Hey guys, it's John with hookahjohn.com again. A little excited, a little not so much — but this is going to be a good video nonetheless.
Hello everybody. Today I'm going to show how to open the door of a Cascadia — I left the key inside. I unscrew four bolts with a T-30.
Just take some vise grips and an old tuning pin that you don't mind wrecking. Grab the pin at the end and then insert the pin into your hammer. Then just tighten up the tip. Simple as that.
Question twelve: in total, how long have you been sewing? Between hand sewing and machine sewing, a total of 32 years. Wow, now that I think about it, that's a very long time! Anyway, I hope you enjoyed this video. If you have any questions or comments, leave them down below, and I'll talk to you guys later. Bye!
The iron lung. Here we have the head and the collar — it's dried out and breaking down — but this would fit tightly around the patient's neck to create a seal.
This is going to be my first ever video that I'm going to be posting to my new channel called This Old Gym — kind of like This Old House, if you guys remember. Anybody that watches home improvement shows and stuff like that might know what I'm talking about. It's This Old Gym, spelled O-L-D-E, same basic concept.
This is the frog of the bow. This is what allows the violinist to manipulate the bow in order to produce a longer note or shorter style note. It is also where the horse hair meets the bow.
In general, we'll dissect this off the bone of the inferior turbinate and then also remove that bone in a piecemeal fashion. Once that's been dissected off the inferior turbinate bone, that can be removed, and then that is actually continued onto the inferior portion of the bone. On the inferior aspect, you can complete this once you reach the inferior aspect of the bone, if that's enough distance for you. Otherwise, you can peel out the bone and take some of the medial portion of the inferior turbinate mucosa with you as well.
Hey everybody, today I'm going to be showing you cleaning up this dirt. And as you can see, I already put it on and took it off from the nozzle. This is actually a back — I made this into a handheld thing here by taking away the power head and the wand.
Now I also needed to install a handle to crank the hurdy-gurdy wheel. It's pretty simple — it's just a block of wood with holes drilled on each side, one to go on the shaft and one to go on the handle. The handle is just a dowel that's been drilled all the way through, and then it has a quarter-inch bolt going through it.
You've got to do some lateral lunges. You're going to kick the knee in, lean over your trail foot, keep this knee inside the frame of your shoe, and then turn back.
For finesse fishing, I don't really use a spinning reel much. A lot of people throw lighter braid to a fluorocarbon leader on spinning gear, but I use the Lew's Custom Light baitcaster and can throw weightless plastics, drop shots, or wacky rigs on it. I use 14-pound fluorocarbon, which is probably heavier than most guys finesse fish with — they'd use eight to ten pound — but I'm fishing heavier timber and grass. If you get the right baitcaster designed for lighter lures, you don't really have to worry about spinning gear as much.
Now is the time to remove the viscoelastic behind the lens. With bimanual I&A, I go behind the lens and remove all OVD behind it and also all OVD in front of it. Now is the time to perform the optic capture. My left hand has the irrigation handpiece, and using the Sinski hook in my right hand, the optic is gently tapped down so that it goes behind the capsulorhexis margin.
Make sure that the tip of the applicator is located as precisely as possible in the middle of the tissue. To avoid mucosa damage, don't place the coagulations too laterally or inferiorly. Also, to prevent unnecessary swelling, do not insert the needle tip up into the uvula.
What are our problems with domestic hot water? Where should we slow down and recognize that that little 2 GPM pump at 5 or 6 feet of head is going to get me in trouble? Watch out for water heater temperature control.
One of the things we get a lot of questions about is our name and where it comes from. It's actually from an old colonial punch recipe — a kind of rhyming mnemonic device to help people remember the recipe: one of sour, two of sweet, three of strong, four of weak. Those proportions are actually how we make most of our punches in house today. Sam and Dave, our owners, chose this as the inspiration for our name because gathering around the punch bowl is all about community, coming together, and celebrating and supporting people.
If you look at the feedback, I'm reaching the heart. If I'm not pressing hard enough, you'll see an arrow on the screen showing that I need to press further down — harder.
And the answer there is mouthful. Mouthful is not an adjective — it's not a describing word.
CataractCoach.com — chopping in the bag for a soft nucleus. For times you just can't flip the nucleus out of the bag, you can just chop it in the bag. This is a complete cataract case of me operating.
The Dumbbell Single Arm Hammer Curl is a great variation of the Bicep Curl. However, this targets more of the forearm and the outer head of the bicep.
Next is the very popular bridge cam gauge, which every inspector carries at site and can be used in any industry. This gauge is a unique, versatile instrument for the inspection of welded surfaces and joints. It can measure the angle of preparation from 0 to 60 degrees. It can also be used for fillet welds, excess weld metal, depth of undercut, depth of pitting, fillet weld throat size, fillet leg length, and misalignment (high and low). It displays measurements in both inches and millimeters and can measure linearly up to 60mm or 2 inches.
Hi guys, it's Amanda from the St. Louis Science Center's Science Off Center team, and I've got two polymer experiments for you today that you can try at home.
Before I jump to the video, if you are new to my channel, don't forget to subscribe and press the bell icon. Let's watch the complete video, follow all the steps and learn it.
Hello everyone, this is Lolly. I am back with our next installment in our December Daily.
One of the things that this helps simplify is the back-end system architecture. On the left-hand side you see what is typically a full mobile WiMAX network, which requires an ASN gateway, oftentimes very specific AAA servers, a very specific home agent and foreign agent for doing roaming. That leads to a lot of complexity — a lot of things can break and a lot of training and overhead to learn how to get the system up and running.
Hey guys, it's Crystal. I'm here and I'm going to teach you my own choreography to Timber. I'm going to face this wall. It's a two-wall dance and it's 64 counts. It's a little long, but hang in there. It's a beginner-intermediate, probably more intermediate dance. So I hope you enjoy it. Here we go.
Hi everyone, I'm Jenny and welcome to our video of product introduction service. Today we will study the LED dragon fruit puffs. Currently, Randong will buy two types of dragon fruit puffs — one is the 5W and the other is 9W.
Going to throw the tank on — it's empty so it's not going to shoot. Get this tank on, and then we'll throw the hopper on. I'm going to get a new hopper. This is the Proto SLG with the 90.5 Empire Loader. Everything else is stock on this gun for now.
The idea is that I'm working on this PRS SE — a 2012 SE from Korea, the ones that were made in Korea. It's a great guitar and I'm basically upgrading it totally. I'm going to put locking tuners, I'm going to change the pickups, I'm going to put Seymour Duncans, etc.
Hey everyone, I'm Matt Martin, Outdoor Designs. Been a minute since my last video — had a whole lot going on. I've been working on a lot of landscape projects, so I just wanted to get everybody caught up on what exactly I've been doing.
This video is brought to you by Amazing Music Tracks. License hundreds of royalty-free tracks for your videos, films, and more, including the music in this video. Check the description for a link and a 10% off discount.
::::
**TASK STATEMENT**
Starting at the line above that contains "Hello everybody. Today", repeat each line exactly up to and including the line that contains "This is the frog", and stop there.

**EXERCISE ANSWER**
Hello everybody. Today I'm going to show how to open the door of a Cascadia — I left the key inside. I unscrew four bolts with a T-30.
Just take some vise grips and an old tuning pin that you don't mind wrecking. Grab the pin at the end and then insert the pin into your hammer. Then just tighten up the tip. Simple as that.
Question twelve: in total, how long have you been sewing? Between hand sewing and machine sewing, a total of 32 years. Wow, now that I think about it, that's a very long time! Anyway, I hope you enjoyed this video. If you have any questions or comments, leave them down below, and I'll talk to you guys later. Bye!
The iron lung. Here we have the head and the collar — it's dried out and breaking down — but this would fit tightly around the patient's neck to create a seal.
This is going to be my first ever video that I'm going to be posting to my new channel called This Old Gym — kind of like This Old House, if you guys remember. Anybody that watches home improvement shows and stuff like that might know what I'm talking about. It's This Old Gym, spelled O-L-D-E, same basic concept.
This is the frog of the bow. This is what allows the violinist to manipulate the bow in order to produce a longer note or shorter style note. It is also where the horse hair meets the bow.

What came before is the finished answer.